Short text fragments from websites:
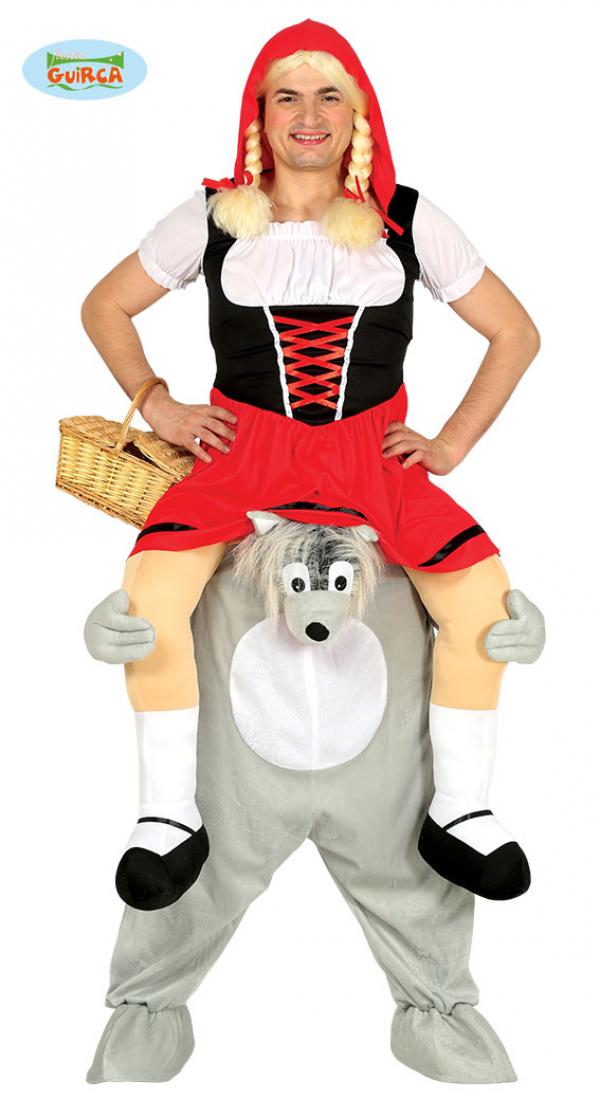 Deguisement Le Petit Chaperon Rouge Adulte Déguisement adulte Carry me Petit chaperon rouge sur le loup - CASH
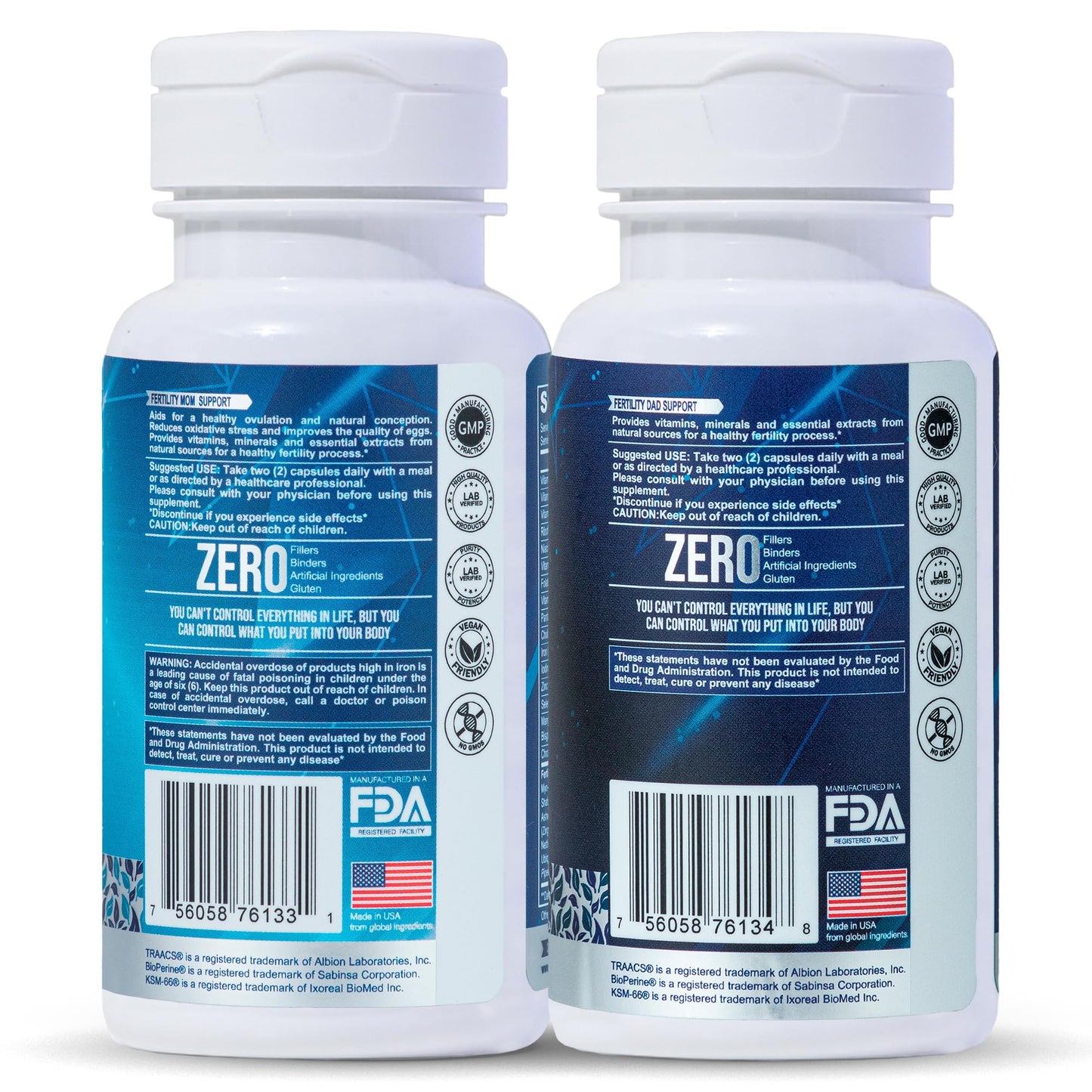 Frasco vitaminas prenatales para parejas fertilidad avanzada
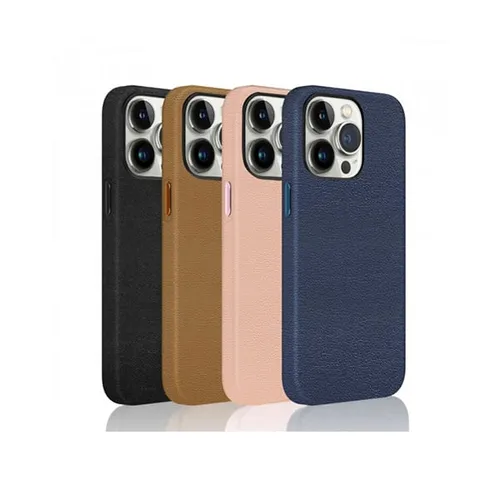 Green Lion Leather MagSafe Elegant Design Case for iPhone 15 Pro Max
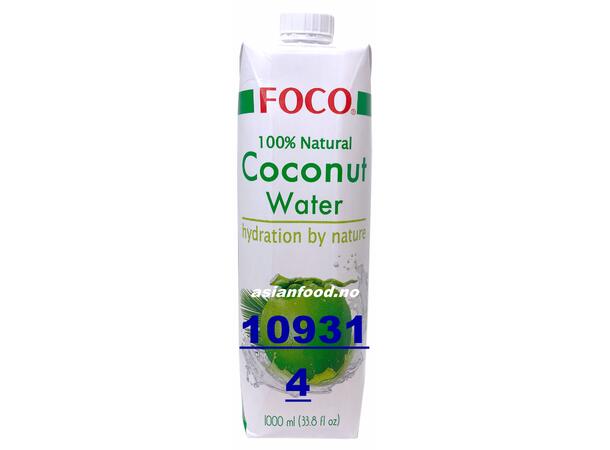 FOCO Coconut water UHT 12x1L Nuoc dua uong  TH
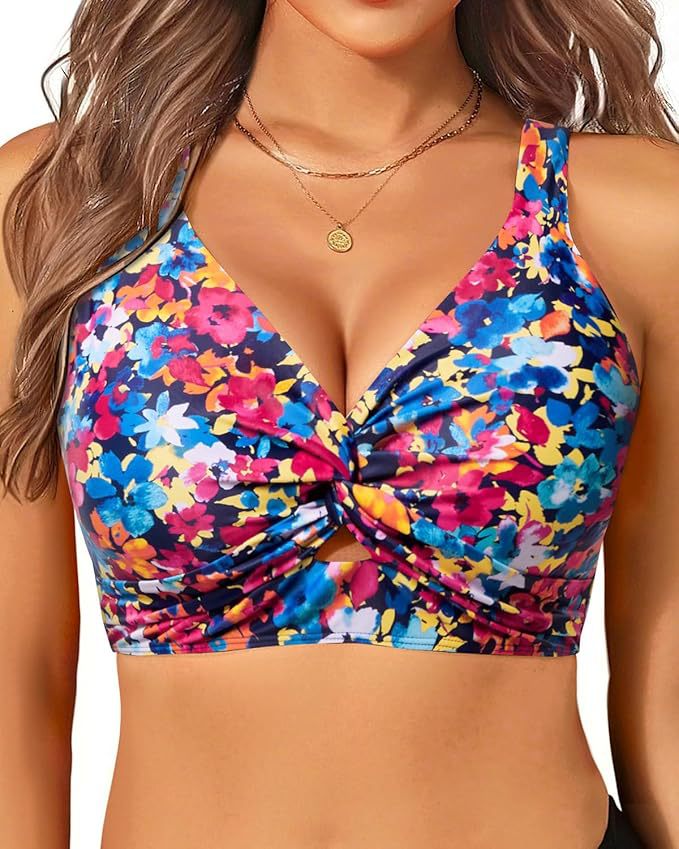 Damen sportliches Bikinioberteil mit floralem Design Echo Archiv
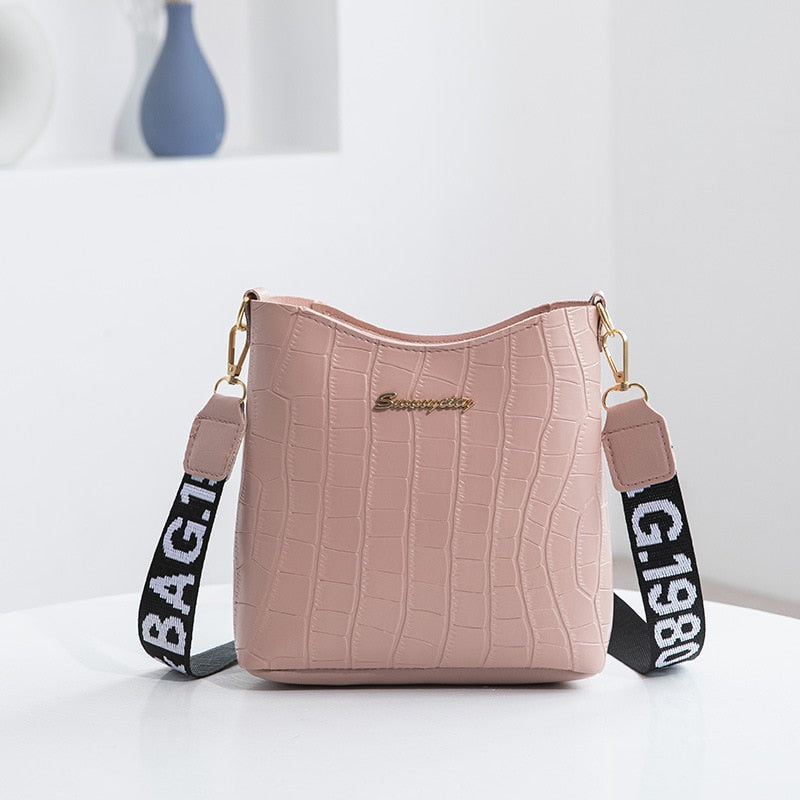 Jaunty Umhängetasche Damen Mini Crossbody Eimer Handtasche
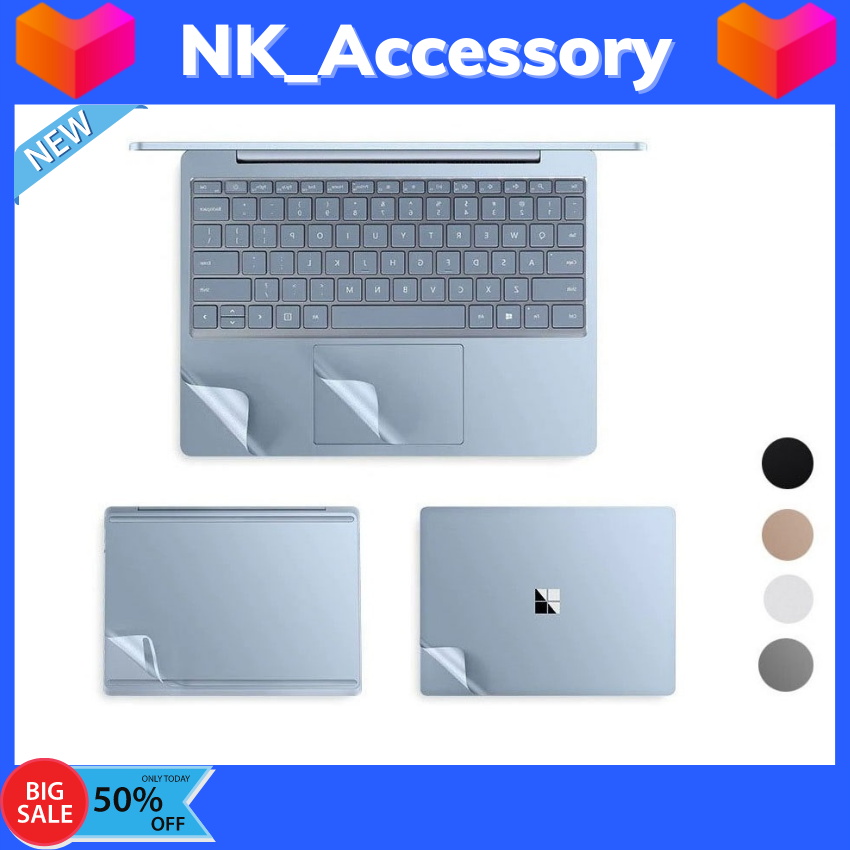 Miếng dẫn chống xước cho Laptop [ HÀNG CAO CẤP ] Bộ Dán 3M Full Body Cho Surface Laptop Go Tản Nhiệt Tốt - Chính Hãng JRC, phụ kiện, phụ kiện máy tính, bảo vệ máy tính, dán chông xước, dán decal
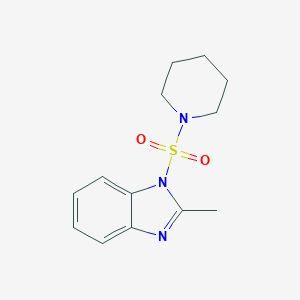 molecular formula C13H17N3O2S B497083 2-Methyl-1-piperidin-1-ylsulfonylbenzimidazole CAS No. 876895-31-7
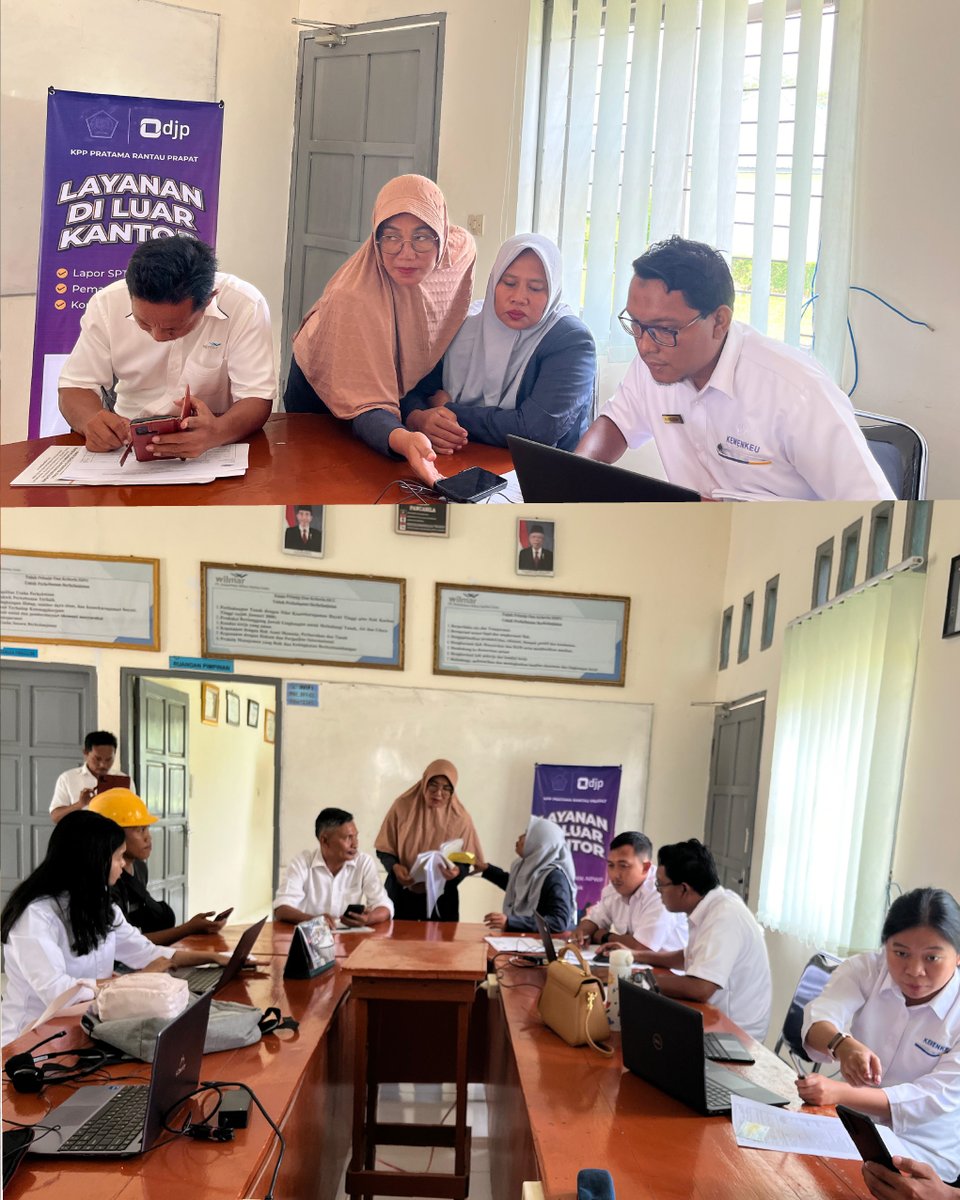pajakrantau116's tweet photo. KPP Pratama Rantau Prapat mengadakan Layanan di Luar Kantor (LDK) kepada karyawan PT. Perkebunan Milano Marbau di Kabupaten Labuhanbatu Utara (Senin, 25/3).
#LDK116 https://t.co/5FMJ2wCpOI
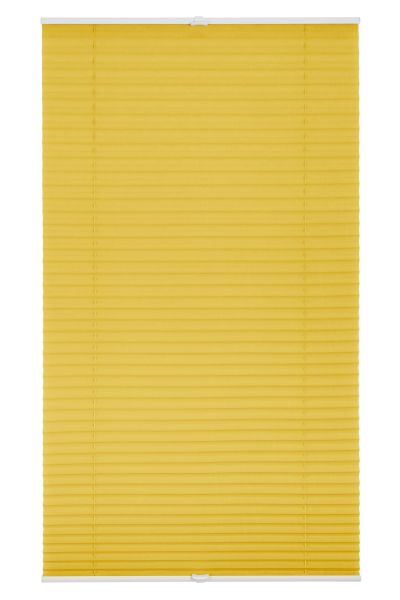 Lichtblick Plissee Klemmfix, ohne Bohren, verspannt - Gelb, 80 cm x 130 cm (B x L)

• **WORK INSTRUCTION**: Extract, word for word, each line from the one that contains "Green Lion Leather" through the final line of the data above. Leave the pictures out.

• **WRITTEN SOLUTION**:
 Green Lion Leather MagSafe Elegant Design Case for iPhone 15 Pro Max
 FOCO Coconut water UHT 12x1L Nuoc dua uong  TH
 Damen sportliches Bikinioberteil mit floralem Design Echo Archiv
 Jaunty Umhängetasche Damen Mini Crossbody Eimer Handtasche
 Miếng dẫn chống xước cho Laptop [ HÀNG CAO CẤP ] Bộ Dán 3M Full Body Cho Surface Laptop Go Tản Nhiệt Tốt - Chính Hãng JRC, phụ kiện, phụ kiện máy tính, bảo vệ máy tính, dán chông xước, dán decal
 molecular formula C13H17N3O2S B497083 2-Methyl-1-piperidin-1-ylsulfonylbenzimidazole CAS No. 876895-31-7
pajakrantau116's tweet photo. KPP Pratama Rantau Prapat mengadakan Layanan di Luar Kantor (LDK) kepada karyawan PT. Perkebunan Milano Marbau di Kabupaten Labuhanbatu Utara (Senin, 25/3).
#LDK116 https://t.co/5FMJ2wCpOI
 Lichtblick Plissee Klemmfix, ohne Bohren, verspannt - Gelb, 80 cm x 130 cm (B x L)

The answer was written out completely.